According to Ezzell, the plaintiff portrayed Piuze as a “Beverly Hills attorney who likes to race fast cars and loves pretty women,” and who hoodwinked the Midwesterner McCord.
“The plaintiff’s lawyer did everything she could to pit Nebraska against California,” said Ezzell.
But Maren Lynn Chaloupka, who represented McCord, suggested it was more a tale of two men than a clash of cultures.
“The theme of the case, as we saw it, was betrayal — betrayal of trust and Mr. Piuze taking something that wasn’t his,” said Chaloupka, a partner with Chaloupka, Holyoke, Snyder, Chaloupka, Longoria & Kishiyama in Scottsbluff, Neb.
She pointed to an email that McCord wrote to Piuze just before the appeal that said if the client did not agree to increase her fees for the appeal, McCord would handle the appeal himself.
According to Chaloupka, Piuze testified he understood the email to mean McCord expected a fee covering his appellate work, but Piuze did nothing to explain to McCord that fee would not be forthcoming.
“The emails showed [McCord] did not agree to work for free,” said Chaloupka.
Indeed, hundreds of emails revealed major squabbles between the two attorneys over how to handle the appeal.
According to McCord, who spoke to Lawyers USA after the verdict, he wanted the appellate brief to be law-oriented, while Piuze wanted it to be fact-oriented.
Piuze gave a different account, saying that McCord convinced him to hire a Nebraska attorney for the appeal, whom he paid $30,000.
“I saw his brief. I didn’t like it and criticized his work. He quit less than two weeks before the brief was due,” Piuze said.
Aside from the 500 pages of documents contained in 150 exhibits, Ezzell said the case came down to the credibility of the two attorneys and a third lawyer, who sat in the courtroom.
Jeffrey Patterson, the lawyer who Piuze said quit during the appeal of the GM verdict, was hired by McCord as part of his team in his lawsuit against Piuze for fees.
When McCord was asked on the stand whether Patterson was his attorney, he answered no, according to Ezzell.
But when Patterson was cross-examined, he admitted he was representing McCord, that he signed all the pleadings and strategized with co-counsel at every recess, according to Piuze.
“It’s clear that the jury thought Mike was more credible than McCord and Patterson.
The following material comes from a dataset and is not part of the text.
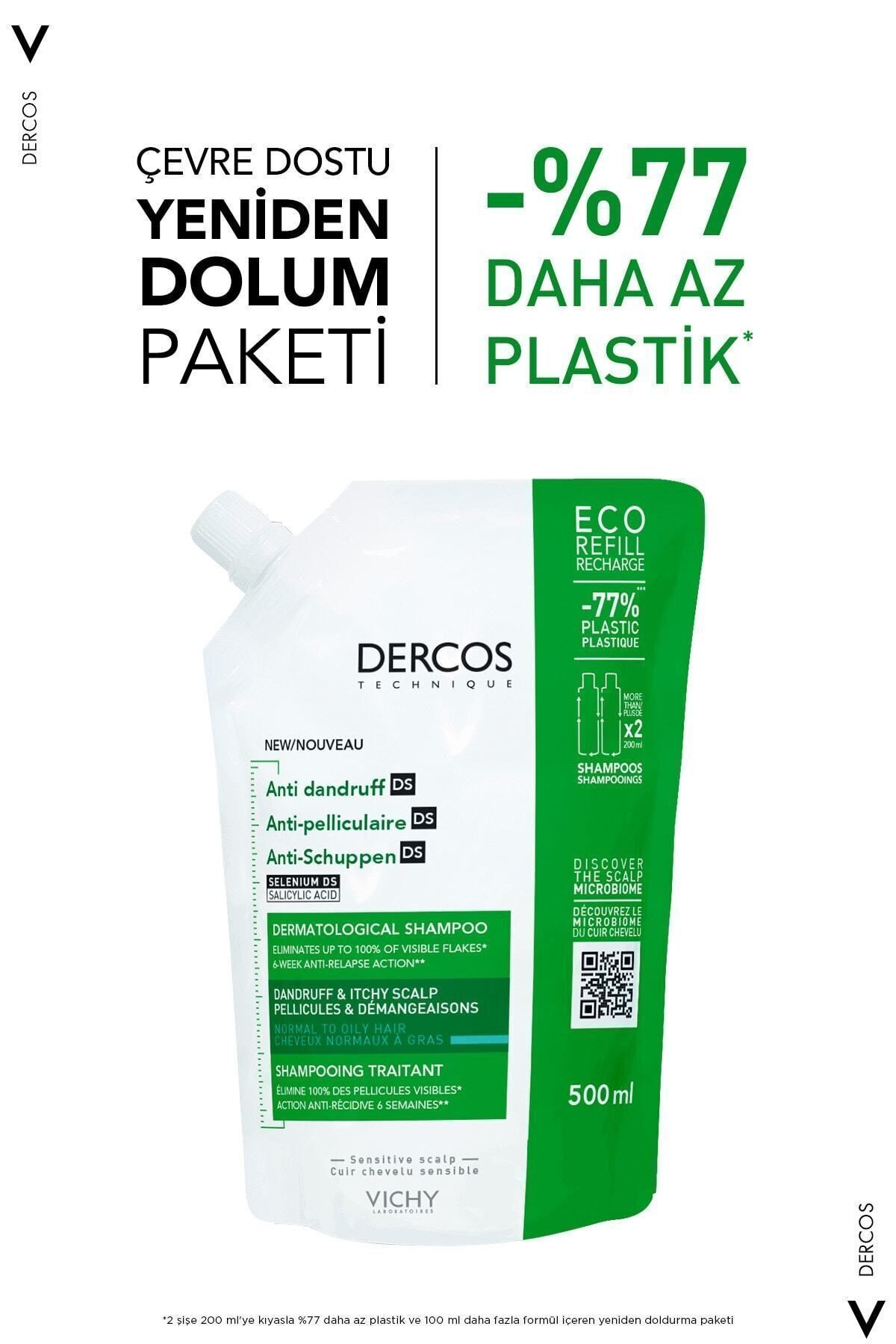 VICHY Dercos Normal/Yağlı Saçlar İçin Kepek Karşıtı Saç Bakım Şampuanı Yeniden Dolum Paketi 500 ML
They were just trying to double-dip. Pigs get fed, hogs get slaughtered,” said Ezzell with a twist on the old saying.
McCord said that while evidence at trial demonstrated that he worked extensively on and filed the brief in the GM appeal, the jury may have been swayed by the fact that Piuze fronted $600,000 in expenses.
“The jury could have thought the guy footing the bill is the boss,” he said.
But Ezzell suggested McCord’s own testimony damaged his claim.
According to Ezzell, McCord testified that although he read and signed the fee agreements, he did not believe in following the written word.
“It was an incredible statement for a lawyer,” Ezzell said.
After two hours of deliberation, the jury of 12, led by a foreperson about to start law school, unanimously decided in favor of Piuze on both claims, awarding McCord nothing.
Ezzell said the case illustrates the importance of knowing the law on sharing fees, especially out of state, where unfamiliar rules may reign.
“The moral of the story is before you go into another state and hire a local lawyer, you need to investigate their rules of professional conduct,” Ezzell said, noting that Piuze’s home state of California does not have Nebraska’s rule about “joint venture” relationships between attorneys.
McCord, who retired shortly after the GM case settled and was reached by phone while fishing in the Dakotas, said lawyers should heed their own advice to clients and “have everything spelled out in black and white every step of the way.”
“I had dealt with other lawyers — a handshake was always the norm in Lincoln, and that was enough,” he said.